すべての Sun Cluster HA for Netscape データサービスの障害モニターは、データサービスインスタンスの障害監視を同じ方法で行います。これらはどれも、遠隔とローカルの障害監視という概念を使用します。
データサービスが実行されている論理ホストを現在制御しているノード上の障害モニタープロセスは、ローカル障害モニターと呼ばれます。論理ホストのマスターとなり得るノード上の障害監視プロセスは、遠隔障害モニターと呼ばれます。
Sun Cluster HA for Netscape の障害モニターは、サーバーに対して簡単なデータサービスオペレーションを周期的に行います。
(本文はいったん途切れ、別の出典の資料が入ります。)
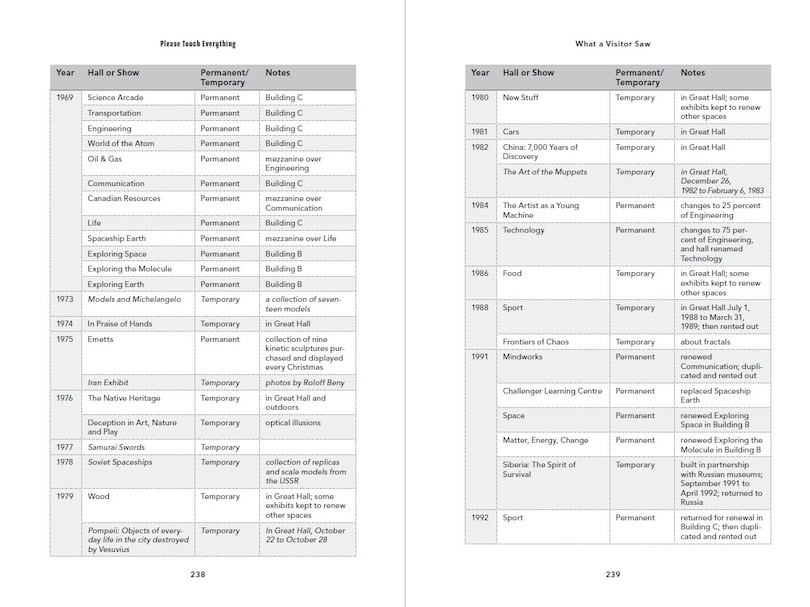 Aper&ccedil;u du contenu 4_Please Touch Everything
このオペレーションが失敗するか、あるいはタイムアウトする場合、この検証は失敗したと宣言されます。
検証が失敗した場合、ローカル障害検証はデータサービスをローカルに再起動しようと試みます。これで、通常はデータサービスが復元されます。遠隔検証は検証失敗の記録を保存しますが、何もアクションはとりません。検証が連続して 2 度失敗した場合 (データサービスの再起動が問題を解決しなかったことを示す)、遠隔検証は hactl(1M) コマンドを「テイクオーバー」モードで呼び出し、論理ホストのフェイルオーバーを開始します。Netscape データサービスの中には、検証の成功と失敗のスライド式ウィンドウアルゴリズムを使用するものがあります。このアルゴリズムでは、ウィンドウ内に事前に構成された失敗の数によって検証アクションが引き起こされます。
hadsconfig(1M) コマンドを使用して、Sun Cluster HA for Netscape 障害モニターの検証の間隔とタイムアウトの値を調整できます。障害検証の検証間隔の値を減らすと、問題が早く検出されますが、一時的な障害による誤ったフェイルオーバーが発生する可能性もあります。同様に、検証タイムアウトの値を減らすと、データサービスインスタンスに関連する問題が早く検出されますが、負荷が重いためにデータサービスが単にビジーになっている場合に誤ったテイクオーバーが発生する可能性があります。ほとんどの状況においては、これらのパラメータのデフォルト値で十分です。これらのパラメータについては、hadsconfig(1M) のマニュアルページと、『Sun Cluster 2.2 ソフトウェアのインストール』の各データサービスの構成に関する節に挙げられています。
Sun Cluster HA for DNS の障害検証は、Sun Cluster HA for DNS サーバーの状態を検査するために nslookup オペレーションを実行します。このオペレーションは、Sun Cluster HA for DNS ロジカルホストのドメイン名を Sun Cluster HA for DNS サーバーから調べます。Sun Cluster HA for DNS の主サーバーがダウンしている場合は、nslookup は /etc/resolv.conf ファイルの構成にもとづいてほかのサーバーと通信する場合もあります。したがって、Sun Cluster HA for DNS の主サーバーがダウンしている場合でも、nslookup オペレーションが成功することがあります。このことを防止するため、障害検証は複製が Sun Cluster HA for DNS の主サーバーのものであるか、ほかのサーバーのものであるかを調べます。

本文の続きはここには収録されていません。